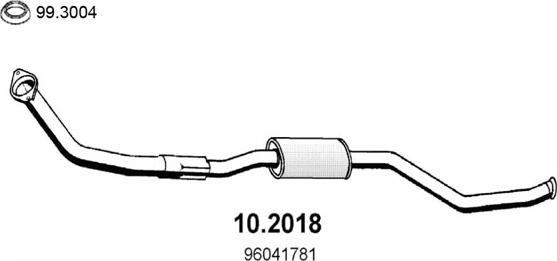 ASSO 10.2018 - Предглушітель вихлопних газів autocars.com.ua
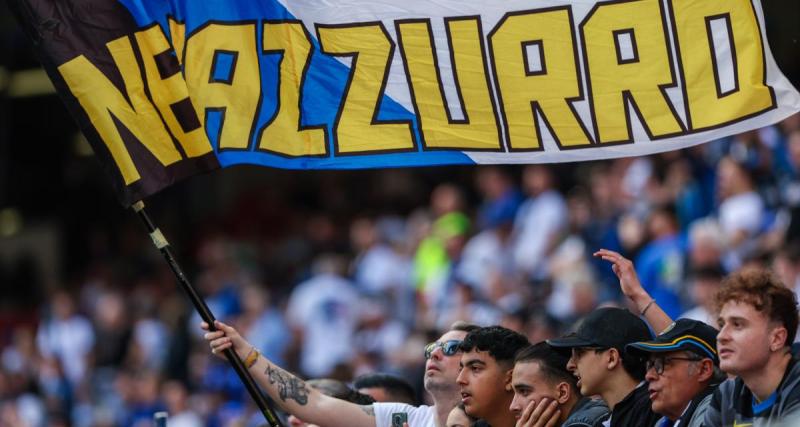  - Le tifo incroyable de l'Inter Milan pour fêter le titre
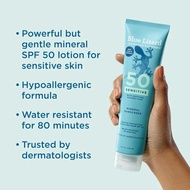 BLUE LIZARD Sensitive Mineral Sunscreen SPF50+ Mineral Sunscreen
﻿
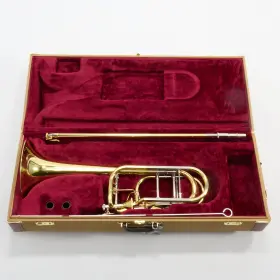 1240L-T XO Jupiter Bass Trombone Dual Thayer Valves Box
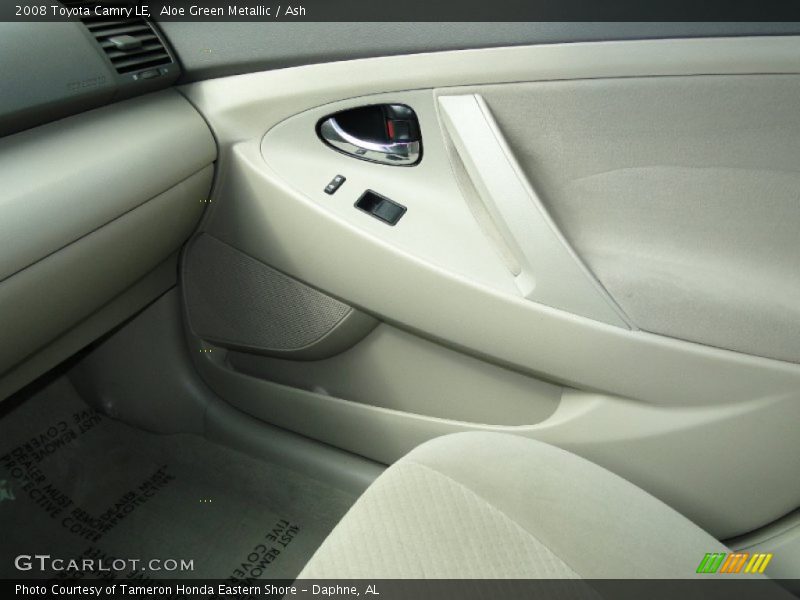 Aloe Green Metallic / Ash 2008 Toyota Camry LE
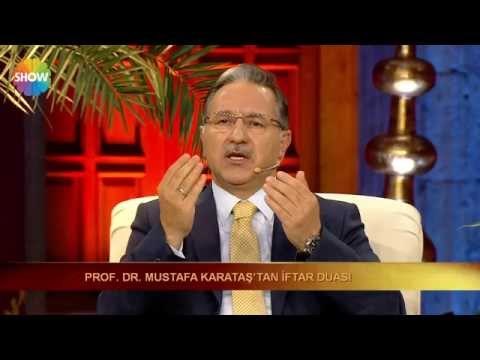 Prof. Dr. Mustafa Karataş ile İftar Programı 23 Haziran 2015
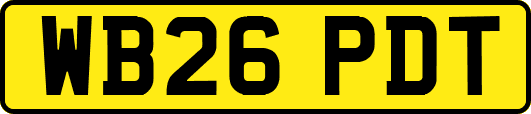 WB26PDT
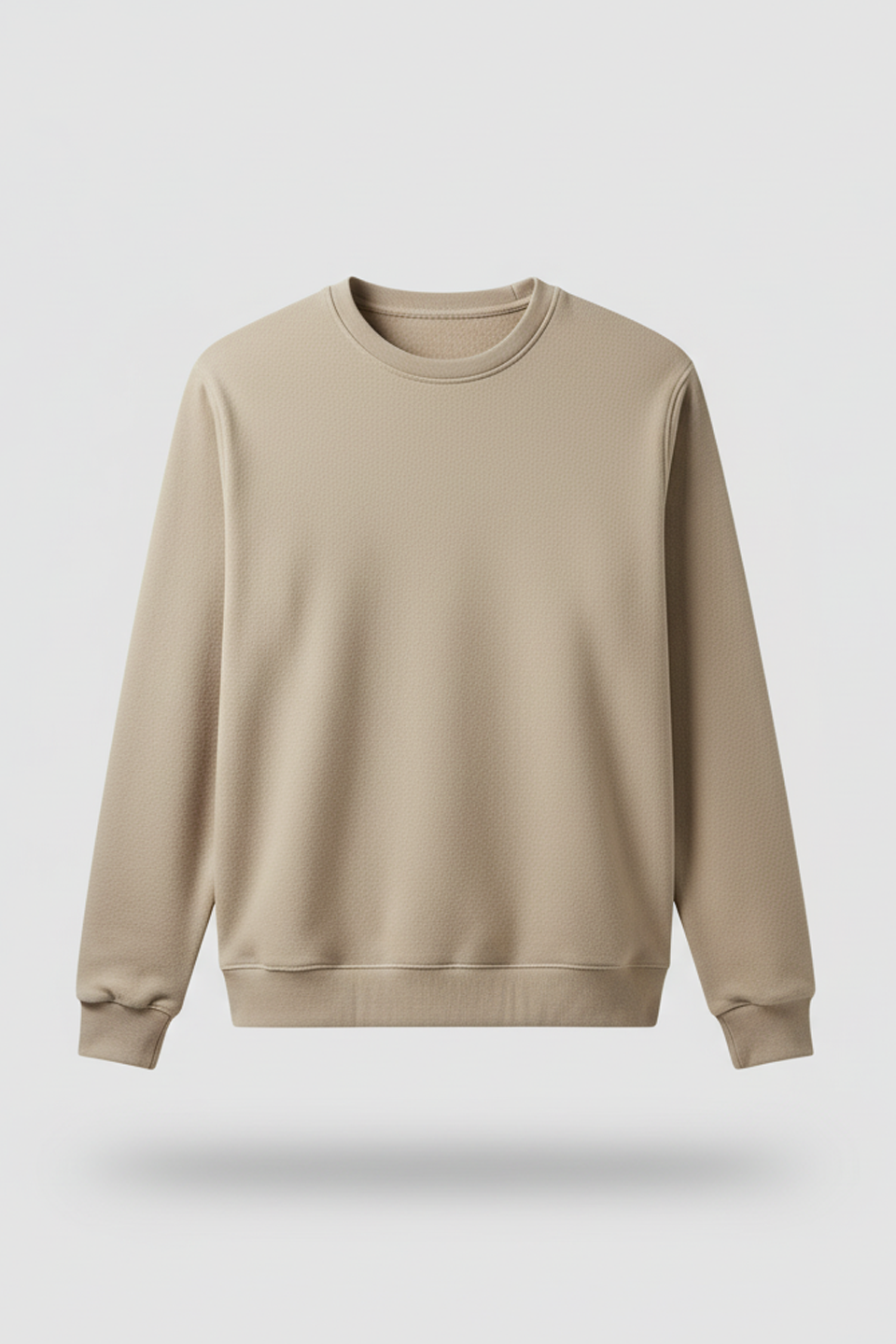 Emerce - Women Sweatshirt -Beige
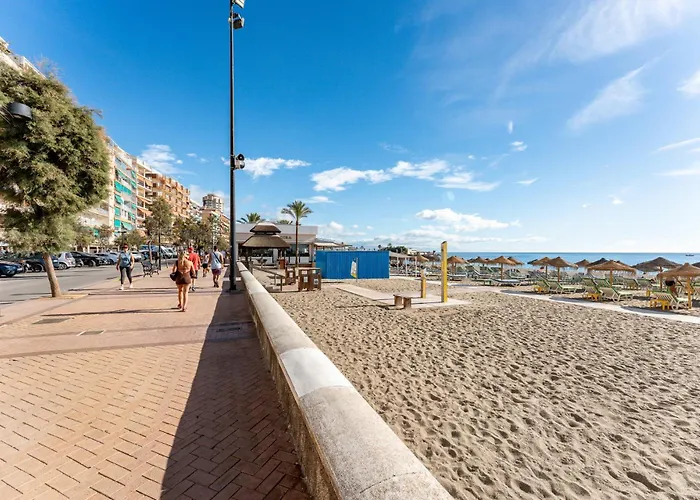 Apartman Malagasuite Marconi Fuengirola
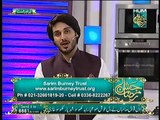 Zindagi ke Pehlu at  Jashn e Ramazan Live 26 Iftar Transmission Hum TV Show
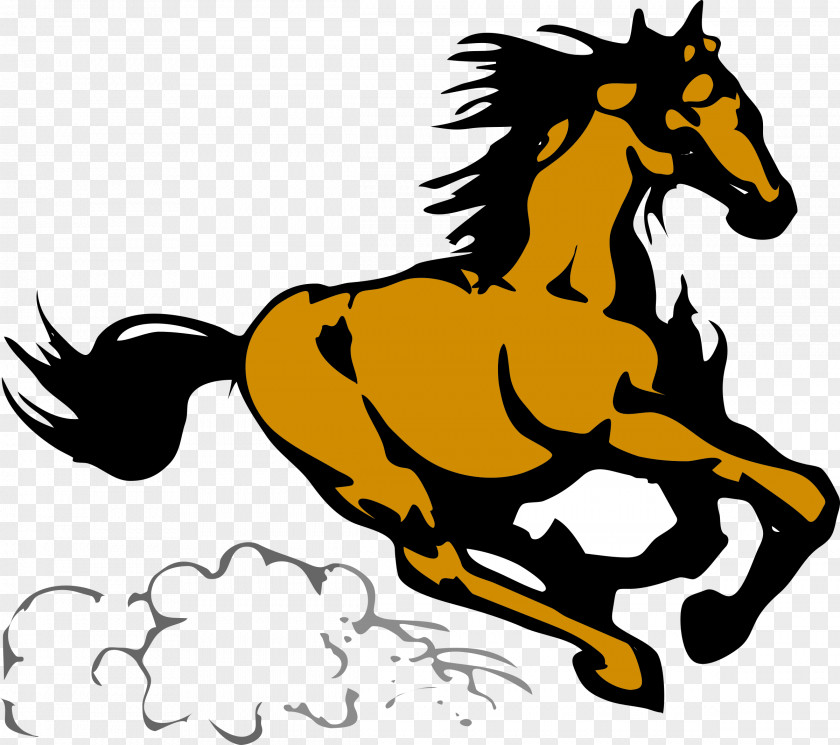Mustang Clip Art Openclipart American Quarter Horse Free Content PNG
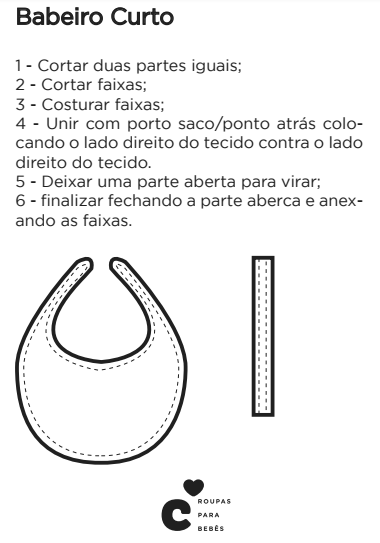 Babeiro Curto - tradicional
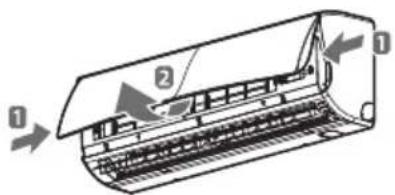 LG D12NAK.NSB - Hvis De vil brugen knappen On - 1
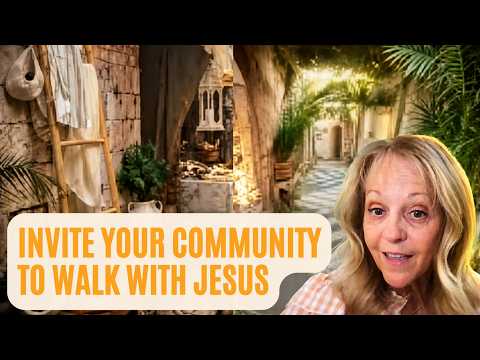 Creating an Easter Walk with Jesus Experience | An Interview with Heidi Lee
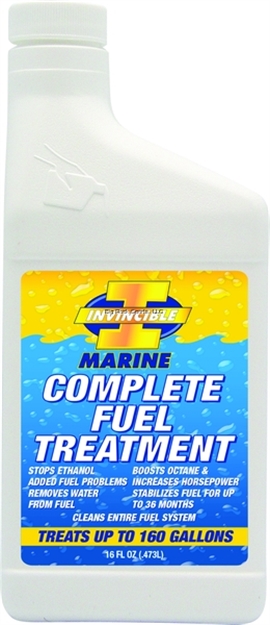 Picture of Invincible Marine 16Oz Ethanol Fuel Treatment Treats 160 Gallons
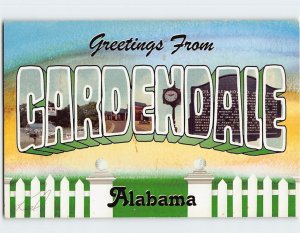 Postcard Greetings From Gardendale, Alabama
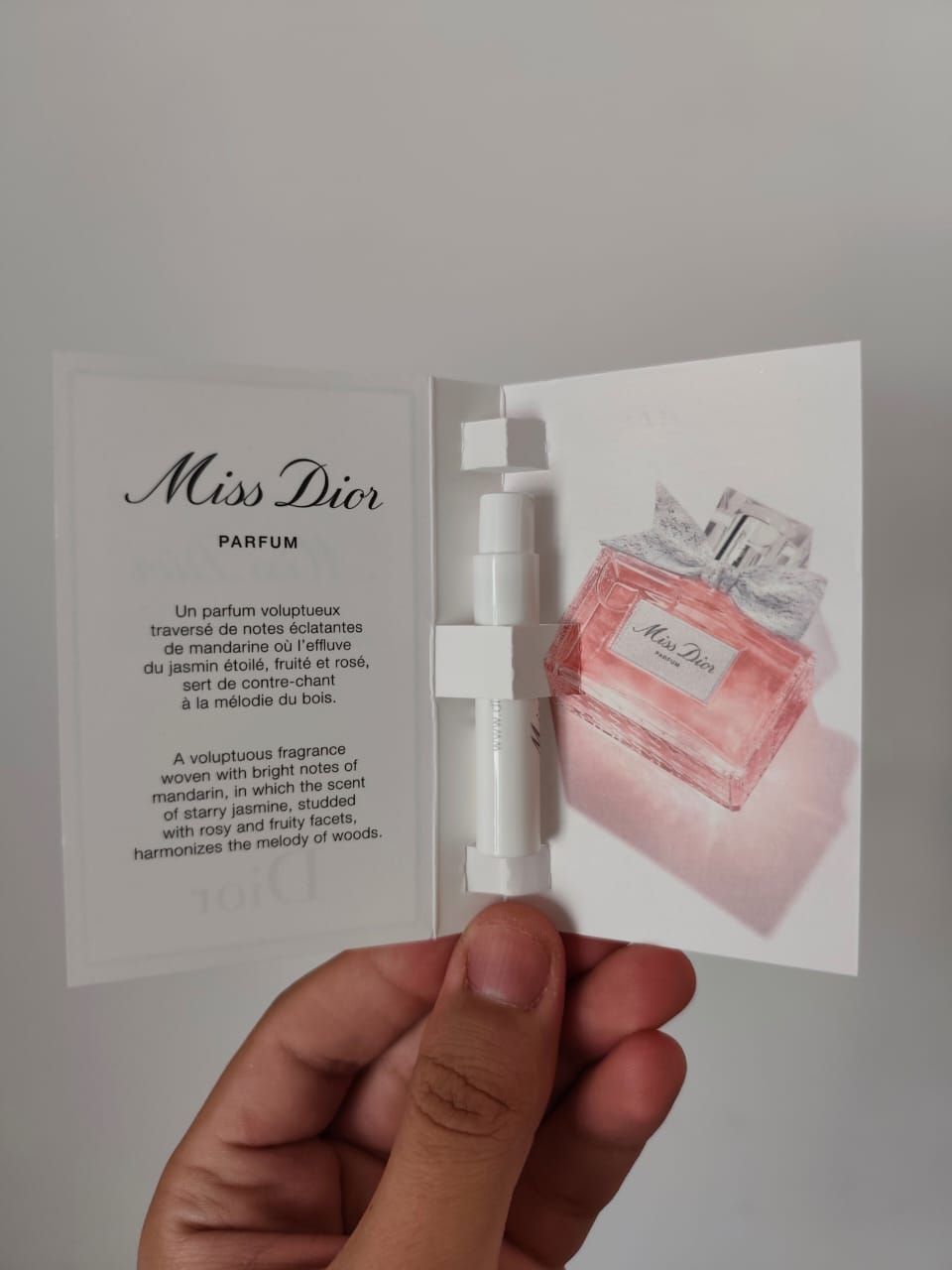 1ml Miss Dior Parfum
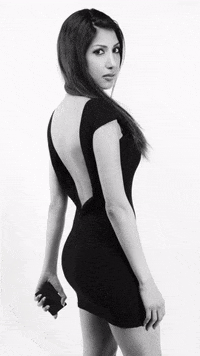 b&w beauty GIF by MANI WONDERS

---*---

§ What needs to be done
Repeat the records above exactly. Pictures do not belong in the copy.

§ Solution
 ASSO 10.2018 - Предглушітель вихлопних газів autocars.com.ua
  - Le tifo incroyable de l'Inter Milan pour fêter le titre
 BLUE LIZARD Sensitive Mineral Sunscreen SPF50+ Mineral Sunscreen
﻿
 1240L-T XO Jupiter Bass Trombone Dual Thayer Valves Box
 Aloe Green Metallic / Ash 2008 Toyota Camry LE
 Prof. Dr. Mustafa Karataş ile İftar Programı 23 Haziran 2015
 WB26PDT
 Emerce - Women Sweatshirt -Beige
 Apartman Malagasuite Marconi Fuengirola
 Zindagi ke Pehlu at  Jashn e Ramazan Live 26 Iftar Transmission Hum TV Show
Mustang Clip Art Openclipart American Quarter Horse Free Content PNG
 Babeiro Curto - tradicional
 LG D12NAK.NSB - Hvis De vil brugen knappen On - 1
 Creating an Easter Walk with Jesus Experience | An Interview with Heidi Lee
 Picture of Invincible Marine 16Oz Ethanol Fuel Treatment Treats 160 Gallons
 Postcard Greetings From Gardendale, Alabama
 1ml Miss Dior Parfum
 b&w beauty GIF by MANI WONDERS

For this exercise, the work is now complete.